UK finance minister Rachel Reeves' move to add unused private pensions to the tax net came alongside her widening IHT to cover family-run businesses and farms. Inheritance tax is a political flashpoint – defended as a necessary corrective to wealth inequality, and damned as taxing wealth that has already been taxed several times. The “nil-rate” band for IHT for an individual is £325,000, and that figure has not changed for several years. As a result, more people have been dragged into the net, and the revenue haul has increased – which a debt-laden government welcomes. IHT receipts for April 2025 to March 2026 were £8.5 billion, which is £200 million higher than the same period last year, marking another record-breaking year for the tax take.

The tax change means that unmarried couples and those who haven’t formalised their relationships are vulnerable to a tax hit, Pugh said.

“There are a couple of options available to unmarried HNWs. The most obvious option is for couples to get married or enter a civil partnership. This provides multiple tax planning benefits including around pensions,” Pugh continued.

“Speaking to a financial planner is essential, as they will be able to advise as to the best course of action, whether this is through lifetime gifting to reduce the overall value of the estate, or withdrawing pension funds before, or at the same time as, other taxable assets,” she said.

Looming problem
Other advisors have warned of a looming problem if potentially-affected citizens don’t prepare.

"The two most common mistakes I see are married couples assuming all assets go to each other and non-married couples not considering what will happen without a will, which can be a major issue for women without any personal assets,” Rebecca Robertson, independent financial advisor, planner and director at Evolution Financial Planning, said.

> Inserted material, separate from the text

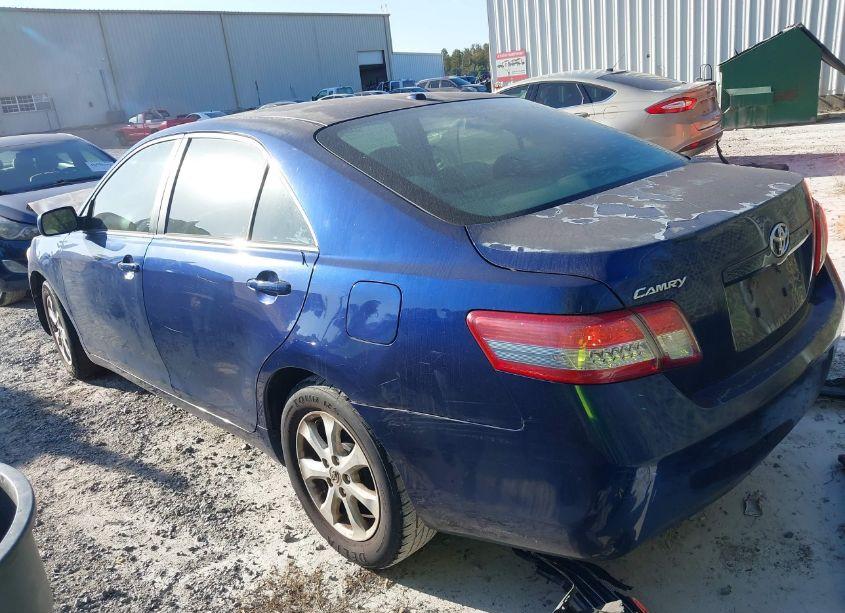 Photo 3 of 2010 Toyota Camry LE (VIN 4T1BF3EK9AU577134)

She said people make a series of assumptions about what will happen with their assets when they die.

"The majority of people like to hope for the best and, only when they have to deal with a family's estate when someone has passed away, do they realise the complexity of it all. One milestone when people do recognise they need a will is when they have children, but this is generally at a time when finances are straightforward,” she said.

"Often over time the will becomes old and out of date. Again, only years later when they are dealing with another family member or they come across an issue, will they act. If they haven't, they have missed an opportunity. This is going to be even more important post-April 2027, when pensions become part of the estate,” Robertson said.

In a note last week on the market data and information service Kalkin, it said UK families could "face long and unsettling delays" in trying to get hold of pension money left by a loved one. The article said that HMRC, the tax authority, has indicated that pension scheme administrators may be required to work with personal representatives to calculate and report any IHT due. This will add to the necessary steps before pension money can be released.